Training & Evaluation in Command Line

LiBai provides multiple arguments for covering a variety of situations.

Training

LiBai provides tools/train.sh and tools/train_net.py for launching training & eval task.

You can modify tools/train_net.py according to your own needs.

Training & Evaluation

For completely train and test, you can run:

bash tools/train.sh \
tools/train_net.py \ 
4 \                    # number of gpus
path_to_your_config.py # config.py for your task

Training & Partial Evaluation

If the evaluation process is time consuming, you can set the parameter train.evaluation.eval_iter in your config.py to a smaller number such as 20, which can make the evaluation process faster by only using part of the testset.
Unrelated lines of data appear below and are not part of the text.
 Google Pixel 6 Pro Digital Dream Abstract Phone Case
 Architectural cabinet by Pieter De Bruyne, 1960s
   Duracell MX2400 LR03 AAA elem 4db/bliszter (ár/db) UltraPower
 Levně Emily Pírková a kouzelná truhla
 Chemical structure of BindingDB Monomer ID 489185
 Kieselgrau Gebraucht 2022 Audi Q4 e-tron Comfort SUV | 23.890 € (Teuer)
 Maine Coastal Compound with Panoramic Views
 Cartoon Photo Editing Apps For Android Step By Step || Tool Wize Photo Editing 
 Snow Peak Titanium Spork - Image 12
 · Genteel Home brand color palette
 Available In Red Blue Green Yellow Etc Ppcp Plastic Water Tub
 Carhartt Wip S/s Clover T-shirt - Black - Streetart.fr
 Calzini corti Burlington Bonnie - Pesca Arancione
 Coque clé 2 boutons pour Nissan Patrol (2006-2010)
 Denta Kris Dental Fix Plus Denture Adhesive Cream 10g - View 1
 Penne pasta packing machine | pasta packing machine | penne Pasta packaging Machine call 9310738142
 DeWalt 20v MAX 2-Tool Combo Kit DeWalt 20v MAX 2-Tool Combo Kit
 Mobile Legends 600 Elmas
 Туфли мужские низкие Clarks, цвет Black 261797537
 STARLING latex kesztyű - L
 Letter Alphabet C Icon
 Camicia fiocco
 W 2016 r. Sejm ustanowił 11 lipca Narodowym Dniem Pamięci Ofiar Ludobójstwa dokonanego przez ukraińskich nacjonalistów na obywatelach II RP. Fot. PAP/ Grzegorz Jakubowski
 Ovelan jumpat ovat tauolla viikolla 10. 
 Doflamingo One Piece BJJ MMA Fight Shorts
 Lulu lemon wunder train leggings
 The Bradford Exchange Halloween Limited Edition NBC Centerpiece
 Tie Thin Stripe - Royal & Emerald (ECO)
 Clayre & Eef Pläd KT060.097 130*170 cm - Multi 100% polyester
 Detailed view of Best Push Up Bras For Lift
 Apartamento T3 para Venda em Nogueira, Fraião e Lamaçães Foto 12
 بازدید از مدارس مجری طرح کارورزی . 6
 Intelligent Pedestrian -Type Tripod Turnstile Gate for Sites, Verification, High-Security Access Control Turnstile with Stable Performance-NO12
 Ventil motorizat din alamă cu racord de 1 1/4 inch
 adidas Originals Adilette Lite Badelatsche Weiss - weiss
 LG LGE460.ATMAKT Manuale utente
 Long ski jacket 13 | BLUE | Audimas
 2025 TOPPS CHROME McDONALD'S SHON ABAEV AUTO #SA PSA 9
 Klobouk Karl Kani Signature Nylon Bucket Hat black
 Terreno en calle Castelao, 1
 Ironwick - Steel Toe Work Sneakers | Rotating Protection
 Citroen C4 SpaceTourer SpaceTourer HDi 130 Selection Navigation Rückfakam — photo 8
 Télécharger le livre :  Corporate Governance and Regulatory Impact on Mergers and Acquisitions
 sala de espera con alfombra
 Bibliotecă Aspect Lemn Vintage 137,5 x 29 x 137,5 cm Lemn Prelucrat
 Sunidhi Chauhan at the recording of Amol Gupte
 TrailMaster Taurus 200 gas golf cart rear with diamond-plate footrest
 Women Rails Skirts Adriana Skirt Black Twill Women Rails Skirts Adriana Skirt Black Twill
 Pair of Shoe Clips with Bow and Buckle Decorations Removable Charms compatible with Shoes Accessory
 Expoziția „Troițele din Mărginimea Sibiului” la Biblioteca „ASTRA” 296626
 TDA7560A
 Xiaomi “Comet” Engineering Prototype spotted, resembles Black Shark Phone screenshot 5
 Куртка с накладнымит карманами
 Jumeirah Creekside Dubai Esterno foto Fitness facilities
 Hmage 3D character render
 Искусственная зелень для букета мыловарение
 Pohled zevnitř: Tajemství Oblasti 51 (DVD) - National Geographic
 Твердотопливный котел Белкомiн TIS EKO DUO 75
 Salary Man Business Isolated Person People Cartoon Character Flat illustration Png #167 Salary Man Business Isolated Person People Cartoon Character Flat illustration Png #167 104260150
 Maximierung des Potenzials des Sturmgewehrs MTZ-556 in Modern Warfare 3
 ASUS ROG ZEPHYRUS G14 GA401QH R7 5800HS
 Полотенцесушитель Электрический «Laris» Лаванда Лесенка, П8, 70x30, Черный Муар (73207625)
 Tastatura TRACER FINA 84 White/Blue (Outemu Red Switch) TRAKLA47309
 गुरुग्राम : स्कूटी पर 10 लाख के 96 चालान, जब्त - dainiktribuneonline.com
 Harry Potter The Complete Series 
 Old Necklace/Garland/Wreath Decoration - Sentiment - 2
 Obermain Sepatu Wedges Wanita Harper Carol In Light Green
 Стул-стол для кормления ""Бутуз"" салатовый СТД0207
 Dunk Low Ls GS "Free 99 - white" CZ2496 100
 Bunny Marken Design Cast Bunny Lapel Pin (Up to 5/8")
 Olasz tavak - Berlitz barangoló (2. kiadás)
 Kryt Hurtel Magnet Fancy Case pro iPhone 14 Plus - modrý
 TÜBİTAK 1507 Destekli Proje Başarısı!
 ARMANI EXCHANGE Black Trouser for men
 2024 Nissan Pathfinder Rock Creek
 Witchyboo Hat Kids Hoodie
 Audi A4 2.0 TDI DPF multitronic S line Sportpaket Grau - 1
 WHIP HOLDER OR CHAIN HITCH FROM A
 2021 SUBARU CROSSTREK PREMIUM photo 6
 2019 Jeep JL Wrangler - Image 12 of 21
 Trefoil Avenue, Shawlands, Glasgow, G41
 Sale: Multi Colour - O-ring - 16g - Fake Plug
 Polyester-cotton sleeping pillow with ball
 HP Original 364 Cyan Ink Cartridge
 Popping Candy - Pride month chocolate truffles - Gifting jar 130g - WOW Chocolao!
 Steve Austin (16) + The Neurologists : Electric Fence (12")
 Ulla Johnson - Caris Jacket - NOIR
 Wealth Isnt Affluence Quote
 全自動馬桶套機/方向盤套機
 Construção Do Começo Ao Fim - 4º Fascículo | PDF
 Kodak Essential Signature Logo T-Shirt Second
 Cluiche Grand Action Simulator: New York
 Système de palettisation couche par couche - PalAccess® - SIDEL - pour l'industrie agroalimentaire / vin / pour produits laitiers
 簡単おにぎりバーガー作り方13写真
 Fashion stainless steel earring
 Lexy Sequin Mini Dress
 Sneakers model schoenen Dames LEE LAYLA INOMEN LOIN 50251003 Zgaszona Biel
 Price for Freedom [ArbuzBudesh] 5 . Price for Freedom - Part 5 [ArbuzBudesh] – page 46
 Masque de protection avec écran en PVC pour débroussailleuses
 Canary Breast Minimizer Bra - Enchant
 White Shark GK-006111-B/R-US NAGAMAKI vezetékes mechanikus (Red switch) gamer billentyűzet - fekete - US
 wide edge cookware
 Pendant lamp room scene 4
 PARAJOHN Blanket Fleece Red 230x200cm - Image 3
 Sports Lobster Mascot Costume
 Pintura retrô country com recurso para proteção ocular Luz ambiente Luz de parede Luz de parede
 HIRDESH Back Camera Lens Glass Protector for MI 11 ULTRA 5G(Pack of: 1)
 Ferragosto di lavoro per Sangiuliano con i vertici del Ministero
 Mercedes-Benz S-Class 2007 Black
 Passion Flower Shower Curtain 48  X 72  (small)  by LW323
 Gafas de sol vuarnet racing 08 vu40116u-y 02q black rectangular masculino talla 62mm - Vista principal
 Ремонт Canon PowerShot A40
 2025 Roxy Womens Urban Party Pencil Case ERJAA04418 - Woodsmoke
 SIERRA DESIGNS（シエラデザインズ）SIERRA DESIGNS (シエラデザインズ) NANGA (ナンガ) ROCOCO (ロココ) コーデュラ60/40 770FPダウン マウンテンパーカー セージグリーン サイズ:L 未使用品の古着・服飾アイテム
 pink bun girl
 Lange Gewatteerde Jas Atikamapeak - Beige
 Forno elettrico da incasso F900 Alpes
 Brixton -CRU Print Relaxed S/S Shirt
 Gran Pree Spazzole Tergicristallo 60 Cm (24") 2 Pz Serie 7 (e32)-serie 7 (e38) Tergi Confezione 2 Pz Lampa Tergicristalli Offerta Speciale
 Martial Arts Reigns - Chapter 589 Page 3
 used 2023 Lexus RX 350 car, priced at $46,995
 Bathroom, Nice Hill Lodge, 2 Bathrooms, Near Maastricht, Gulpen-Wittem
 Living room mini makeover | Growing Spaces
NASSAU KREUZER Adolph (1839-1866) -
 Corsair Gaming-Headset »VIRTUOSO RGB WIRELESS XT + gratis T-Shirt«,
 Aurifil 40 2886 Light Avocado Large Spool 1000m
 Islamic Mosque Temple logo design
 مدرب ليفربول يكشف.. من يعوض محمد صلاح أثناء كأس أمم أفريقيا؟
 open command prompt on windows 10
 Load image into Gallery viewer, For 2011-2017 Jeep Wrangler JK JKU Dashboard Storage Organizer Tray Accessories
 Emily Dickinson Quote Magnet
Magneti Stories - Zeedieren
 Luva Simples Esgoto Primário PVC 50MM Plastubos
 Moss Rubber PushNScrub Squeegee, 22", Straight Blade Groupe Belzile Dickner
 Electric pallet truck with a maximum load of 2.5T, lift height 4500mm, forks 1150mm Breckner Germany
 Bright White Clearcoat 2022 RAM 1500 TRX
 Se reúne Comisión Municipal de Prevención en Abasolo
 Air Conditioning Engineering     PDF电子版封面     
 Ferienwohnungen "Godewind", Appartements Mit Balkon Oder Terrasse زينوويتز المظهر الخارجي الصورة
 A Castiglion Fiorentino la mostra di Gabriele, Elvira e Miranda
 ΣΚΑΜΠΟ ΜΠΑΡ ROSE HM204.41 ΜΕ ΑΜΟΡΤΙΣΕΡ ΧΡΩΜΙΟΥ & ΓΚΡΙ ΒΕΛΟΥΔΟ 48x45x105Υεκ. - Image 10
You can also set the parameter by the command line directly :

NOTE: the eval metric will be calculated by part of testing dataset

bash tools/train.sh \
tools/train_net.py \ 
4 \                             # number of gpus
path_to_your_config.py \        # config.py for your task
train.evaluation.eval_iter=20   # set eval_iter for testing

Training & No Evaluation

If you want to train without evaluation, you can set train.evaluation.enabled=False in your config.py or in the command line:

bash tools/train.sh \
tools/train_net.py \ 
4 \                              # number of gpus
path_to_your_config.py \         # config.py for your task
train.evaluation.enabled=False   # set no evaluation 

Resume Training

If you want to resume training, you should set --resume in the command line, and set train.output_dir in your config.py or in the command line

For example: your training was interrupted unexpectly, your lastest model path is output/demo/model_0000019/. you should set train.output_dir=output/demo for resume trainig.

bash tools/train.sh \
tools/train_net.py \ 
4 \                              # number of gpus
path_to_your_config.py \         # config.py for your task
--resume \                       # set resume training
train.output_dir=path/task       # set resume path, it should be parent directory of model path

Evaluation

If you want to evaluate your model without training, you should set --eval-only in your command line, and set train.load_weight.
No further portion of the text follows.